**DATA:**
--------

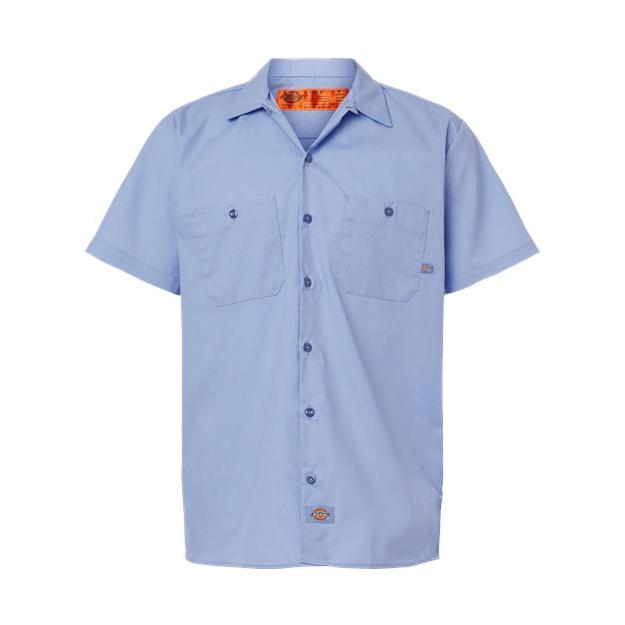Dickies Industrial Short Sleeve Work Shirt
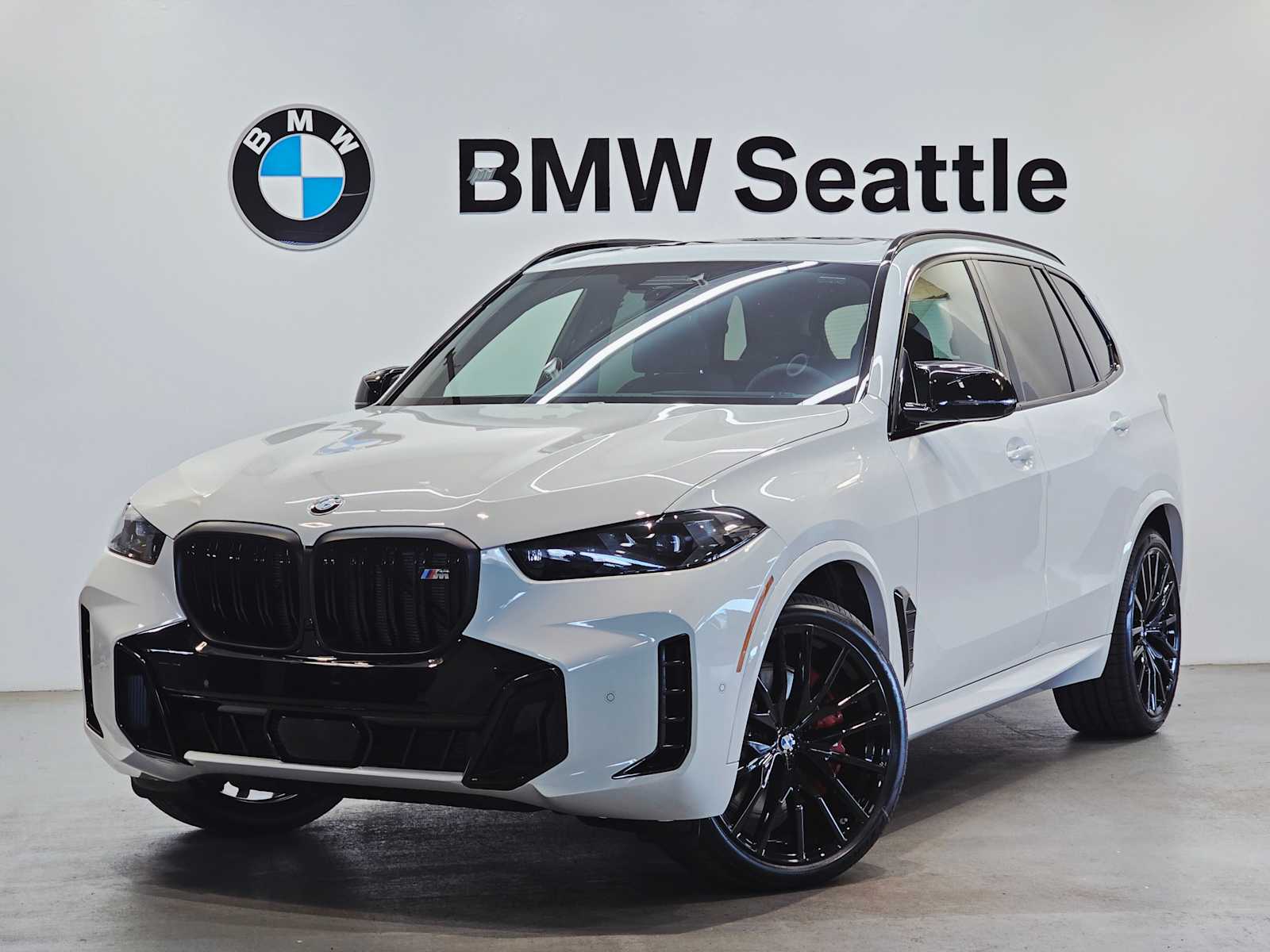 Thumbnail: 2026 BMW X5 - 1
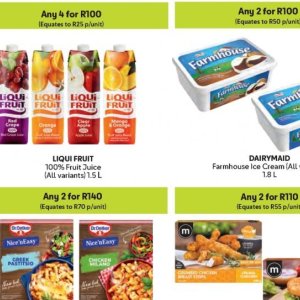 Mango at Makro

--------

**EXERCISE AIM:** Send back the data above word for word, with the pictures left out.

**SOLUTION:**
Dickies Industrial Short Sleeve Work Shirt
 Thumbnail: 2026 BMW X5 - 1
 Mango at Makro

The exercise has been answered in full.